But one of the issues with QA’s is their anti-synergy with Waggle Pick. The breakthrough, initially implemented by Sezoklo, has been to remove the weapon. If you’re looking to beat quest decks, the featured build performs best against them. Keep in mind that Waggle Picks and SI:7 Agents are still useful cards, and cutting them does come with a toll on your Priest matchup, so we can see them being situationally better than the featured flex cards.
- Rogue Class Radar
- Tempo Rogue
- Aggro Rogue
- Quest Rogue
While its presence outside of legend remains modest, Combo Priest is exhibiting a rise in play at higher levels. Its win rate indicates it is still one of the best decks in the game, with its strong matchup against Quest Shaman proving to be extremely valuable. However, the rise in Tempo Rogue is proving to be an unexpected hindrance that is slowing it down.
Resurrect Priest isn’t at the same level. It looks competitively viable, something we couldn’t say about it before Doom in the Tomb, but its poor matchup against Quest Shaman remains a thorn in its side. As we’ve said last week, don’t waste your time playing the quest: it’s pretty useless.
Quest Druid is seeing a shift back from Malygos to Nomi, which is helping its ladder win rate. However, its performance is still not as good as it could be, since the Nomi build is far from taking over the archetype completely. We estimate that the Nomi build is not even 50% of current Quest Druids on ladder.
With that being said, even at its peak potential, Quest Druid does have some issues in the current meta that would prevent it from being at the same level as Combo Priest and the dominant Shaman decks. The matchup against Combo Priest is extremely difficult, and Quest Druid finds itself struggling against Aggro Shaman and Highlander Paladin as well. Is it better than the stats currently suggest? Significantly so. Is it better than Shaman and Priest? No.
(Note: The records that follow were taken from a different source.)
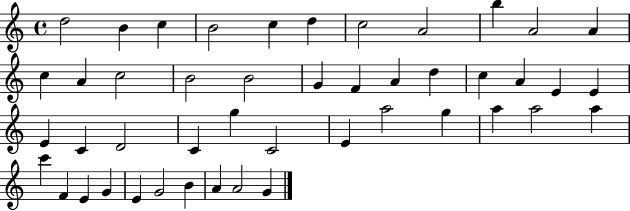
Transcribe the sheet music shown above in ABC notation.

X:1
T:Untitled
M:4/4
L:1/4
K:C
d2 B c B2 c d c2 A2 b A2 A c A c2 B2 B2 G F A d c A E E E C D2 C g C2 E a2 g a a2 a c' F E G E G2 B A A2 G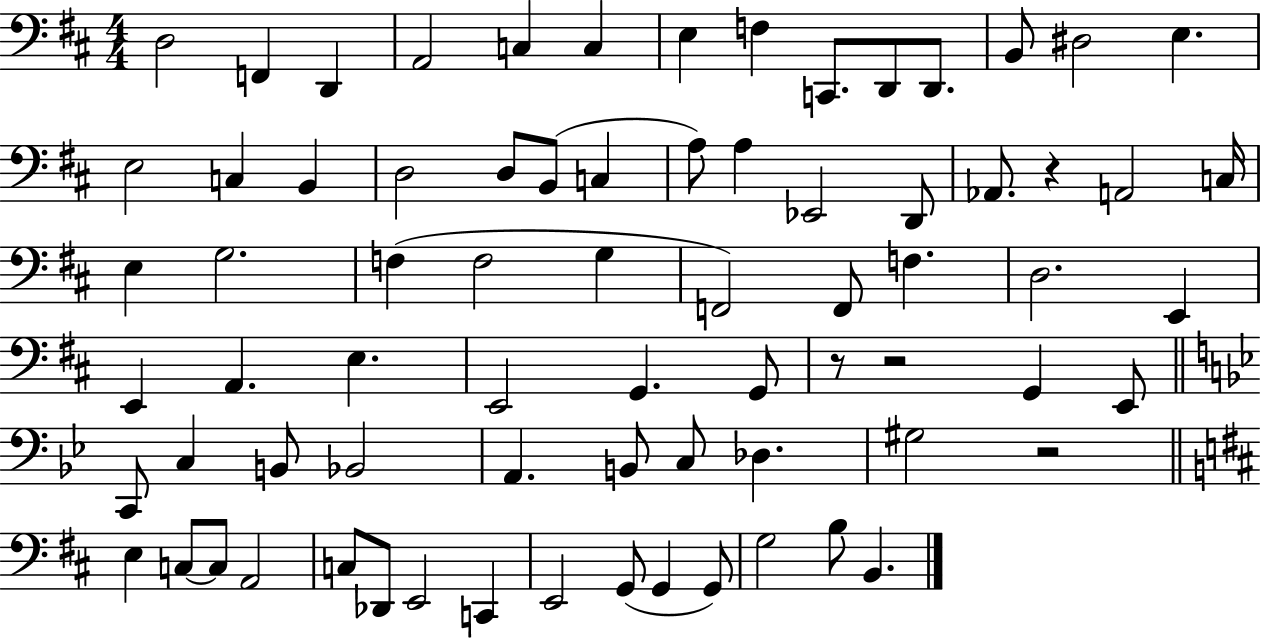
D3/h F2/q D2/q A2/h C3/q C3/q E3/q F3/q C2/e. D2/e D2/e. B2/e D#3/h E3/q. E3/h C3/q B2/q D3/h D3/e B2/e C3/q A3/e A3/q Eb2/h D2/e Ab2/e. R/q A2/h C3/s E3/q G3/h. F3/q F3/h G3/q F2/h F2/e F3/q. D3/h. E2/q E2/q A2/q. E3/q. E2/h G2/q. G2/e R/e R/h G2/q E2/e C2/e C3/q B2/e Bb2/h A2/q. B2/e C3/e Db3/q. G#3/h R/h E3/q C3/e C3/e A2/h C3/e Db2/e E2/h C2/q E2/h G2/e G2/q G2/e G3/h B3/e B2/q.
As expected, Cyclone Mage is drastically declining in play after failing to look even remotely viable. We can’t recommend running this deck on ladder, as any iteration we’ve seen from it is terrible.
Meanwhile, Highlander Mage is seeing an uptick in play. N’Zoth builds have started to cut Luna’s Pocket Galaxy and Stargazer Luna for more defensive tools. With Control Warrior seeing little play, we’re not pressured to be greedy and can afford to allocate more slots in order to shore up faster matchups.
Meanwhile, J4ckie hit #1 legend with a Big-Spell variant of Highlander Mage running Naga Sand Witch and Pyroblast. We’ve found this combo to be surprisingly effective in the current meta, since it allows the Mage to close out games a bit faster (and cutting N’Zoth means we’re no longer a sitting duck to Mind Control Tech). There is one obvious change in the featured build, which is swapping Blast Wave (worst card in the deck) for Ray of Frost (unquestionably mandatory). While Blast Wave is a decent card against Shaman, and the list certainly aims to improve the Shaman matchups as much as possible, it is too weak of a card against other popular classes.
Highlander Paladin is the only Paladin deck that’s making any serious noise in the current meta. It has a pretty good matchup spread, and mostly suffers against Tempo Rogue and Resurrect Priest. The former has very good tools to push it off the board effectively, while the latter is quite effective at outlasting it since Highlander Paladin usually isn’t fast enough to kill the Priest before it stabilizes.
While Highlander Paladin isn’t a terrible deck to play against Shaman, both Quest and Aggro Shaman are challenging matchups that put you at a slight disadvantage, which is why we don’t believe that the deck has meta breaking potential.
As for builds, we’ve seen a rise in N’Zoth being played alongside Sylvanas and Khartut Defender. We don’t hate it, but this package mostly helps you in matchups you do well enough already (Quest Druid, Highlander Hunter, Control Warrior).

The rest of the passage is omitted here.